/NBA_runs_prediction

A novel approach attempting to predict the likelihood that a basketball team will achieve a scoring run based on events precipitating the start of the run.

Primary LanguageJupyter Notebook

NBA Runs Prediction model

A novel approach attempting to predict the likelihood that a basketball team will achieve a scoring run based on events precipitating the start of the run. The model utilizes convolutional neural network architecture in order to classify a set of basketball events as capable of leading to a scoring run. The model has been shown to achieve 63% accuracy, outperforming conventional classifiers like Support Vector Classifier, Decision Tree Classifier, Random Forests Classifier, and k-Nearest Neighbors Classifier.

Data & Pre-processing

The play-by-play data used for training the model has been scraped from basketball-reference.com and covers 5 NBA seasons, from 2015 to 2020. The model takes into account 20 features in total, describing in-game events. The data has been encoded and split into sets of 10 consecutive events that either led to a scoring run by a team or did not. Each set was then reshaped into a 20x10 matrix for training.

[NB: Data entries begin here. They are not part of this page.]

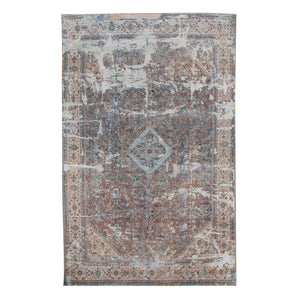 10027609 VINTAGE MALAYER 10'03" x 16'06"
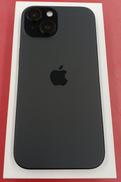 IPHONE15 128GB|APPLE/DOCOMO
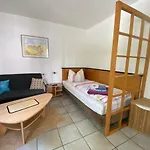 招待所 Apartmenthaus Home24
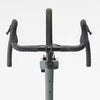 TREK Checkpoint ALR 4 Gen 3 VERDE (M)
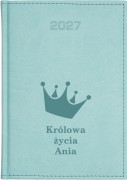 TURKUSOWY VIVELLA KK DZ 27 73.jpg
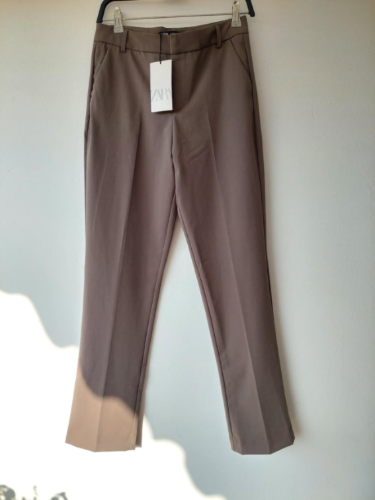 Nove Zara pantalone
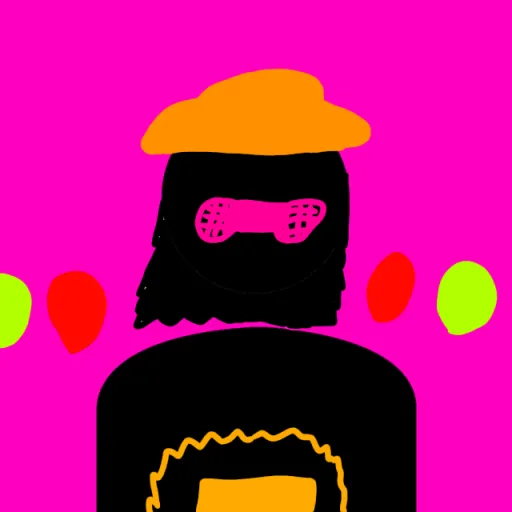 talkie's author avatar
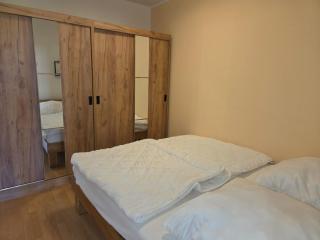 Vier Jahreszeiten Sonnenblick - 1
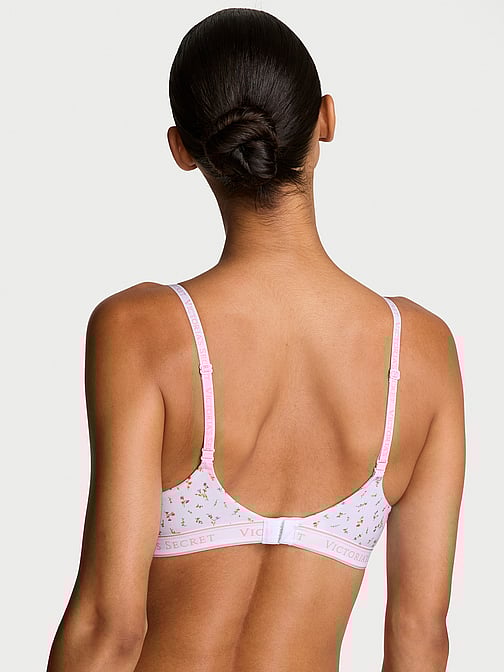 Victoria's Secret ブラジャー 2枚セット MNU3403 ブラ＆ショーツセット | Victoria's Secret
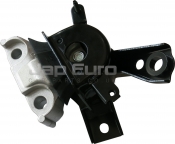 Right Engine Mounting - Hybrid Toyota Estima Hybrid AHR20 2AZ-FXE 2.4i 4WD 2012-2018 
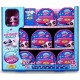 Littlest Pet Shop Surprise Pet Assortment (18ct) RRP £3.99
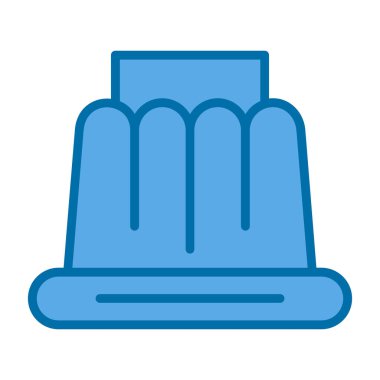 Simge vektör çizim Temizleme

File preprocessing.py can be used to replicate the process and prepare datasets for either predictions or training.

Model architecture

A convolutional neural network was developed in order to perform predictions on whether a set of 10 consecutive events can lead to a scoring run. The pretrained model can be loaded and be used on any datasets preprocessed in the manner described above. Moreover, the model_training.py can be used to train models on different datasets.

image

Notebook

A notebook file is included that describes the development process for the neural network. Furthermore, the notebook underlines specific players, teams, actions, and decisions that mostly affect the probability of a scoring run occuring.